In the first half of the year, U.S. ad media budgets fell $10 billion, Rohan says, citing Nielsen. Agencies with ideas continue to absorb costs. Today, agencies are billing out at about $100 per hour. Overhead is billed at 110%, but falling below 100% in some cases. Rohan says there's still no reward for work efficiencies, economies of scale, or "skin in the game."
Rohan likened Central Park in Manhattan to social media. He says not many people make money in the park. There's a lot of green space with a few vendors selling food and drinks sprinkled throughout, but for the most part, people don't stroll the park to spend money. They spend time in the park to socialize and interact with others or people-watch, and the real estate around Central Park is worth an awful lot. Similar to Central Park, not many businesses make money from campaigns in social media, but they should pay attention to the real estate prices.
Once money gets sunk into social, the funds don't come back. "We will eventually figure out how to harvest all this, but it's difficult to make money in Central Park," Rohan says.

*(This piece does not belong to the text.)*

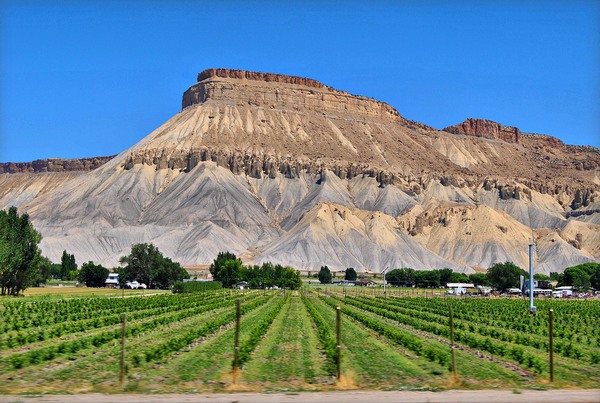 amtrak-Mount-Garfield-California-Zephyr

Agencies also need to address the mobile market rather than hide their heads in the sand, hoping the medium goes away. Today, 43% of iPhone and iTouch users access the net via mobile. It's already true in many developing nations. Rohan told agency reps and marketers to think long and hard about adding a mobile strategy if they haven't already. He warned that just because a business like search has done well on the Internet doesn't mean it will do well on mobile, simply because of the form factor of the phone and the increased complexity of the medium.
Communicating sight, sound and motion on a small device, such as a mobile phone, is more difficult and results in less impact. The only marketers that will thrive in the mobile environment are those offering coupons that will drive people into stores, Rohan predicts. Social networking on mobile will be even more challenging, combining both social and mobile distractions from the established digital marketing ecosystem, he says.
A confluence of events created the current state of declining agency profits. Digital, social mobile disaggregation will only help to accelerate the trend because it increases the complexity of reaching consumers. Over time, agencies will need to act less like a steward of the brand and more like an intermediary to all brands.